Move equinix watch things

2023-10-11 09:16:47 -04:00
parent 1ee5ac51e7
commit 6f8d6220fa
2 changed files with 94 additions and 0 deletions
--- a/equinix-watch/collector.yaml
+++ b/equinix-watch/collector.yaml
--- a/equinix-watch/integration.org
+++ b/equinix-watch/integration.org
@@ -0,0 +1,94 @@
 #+TITLE: Integrating Equinix Metal API with Equinix Watch
 #+AUTHOR: Adam Mohammed
 * Problem
 Equinix Watch has defined the format for which they want to ingest
 auditable events. They chose the OTLP as the protocol for
 ingesting these events from services restricting their ingestion to
 just the logging signal.
 Normally when sending data to a collector, you would make use of the
 OpenTelemetry libraries to make it easy to grab metadata about the
 request and surrounding environment, without needing to manually
 cobble that data together. Unfortunately, using OTEL logging as the
 only signal that Equinix Watch accepts, makes adoption needlessly
 painful. Ruby does not have a stable client library for OTEL logs, and
 neither does Golang.
 Most of the spec provided by EquinixWatch does not actually relate to
 the log that we would like to provide to the customer. OTEL Logging
 aims to make this simple by using the Baggage and Context APIs to
 enrich the log records with information about the surrounding
 environment and context. Again, the implementations for these are
 incomplete and not production ready.
 Until the OTEL libraries provide support for the context and baggage
 propogation in the Logs API/SDK, this will data will need to be
 extracted and formatted specifically for Equinix Watch, meaning the
 burden of integration is higher than it needs to be. If we end up
 doing this, we'll probably just fetch the same data from the span
 attributes anyway, to keep things consistent.

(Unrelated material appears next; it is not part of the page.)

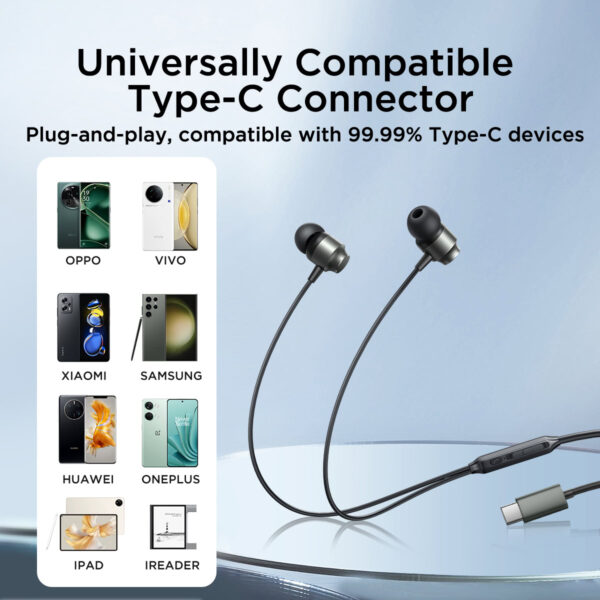 Joyroom Type-C In-Ear Earbuds - NOT suitable for iPhones - Black - Image 10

 There's absolutely no reason to do this work when we can add the logs
 in a structured way to the trace and pass that through to their custom
 collector. By doing this we don't need to wait for the OTEL libraries
 to provide logging implementations that do what traces already
 provide.
 The only reason I can see not to do this is that it makes Equinix
 Watch have to handle translating trace information to a format that
 can be delivered to their end targets. I'd argue that's going to need
 to happen anyway, so why not make use of all the wonderful tools we
 have to enrich the data you have as input, so you can build complete
 and interesting audit logs for you end user.
 * Concerns
 - Alex: Yeahhhh I've gotta say I'm uncomfortable making our existing
  OTEL collector, which is right now part of our internal tooling, and
  making it part of the critical path for customer data with Equinix
  Watch.
  I don't understand this, of course you're going to be in your
  critical path. I'm not saying to use your collector as the ONLY
  collector, this is why we even have collectors. We are able to
  configure where the data are exported.
 - Alex: IMO internal traces are implementation details that are
  subject to change and there are too many things that could go
  wrong. What happens if the format of those traces changes due to
  some library upgrade, or if there's memory pressure and we start
  sampling events or something?
  Traces being implementation details - like audit logs? There's a
  reason we use standard libraries to instrument our traces. These
  libraries follow OTEL Semantic Conventions so we have stable and
  consistent span attributes that track data across services.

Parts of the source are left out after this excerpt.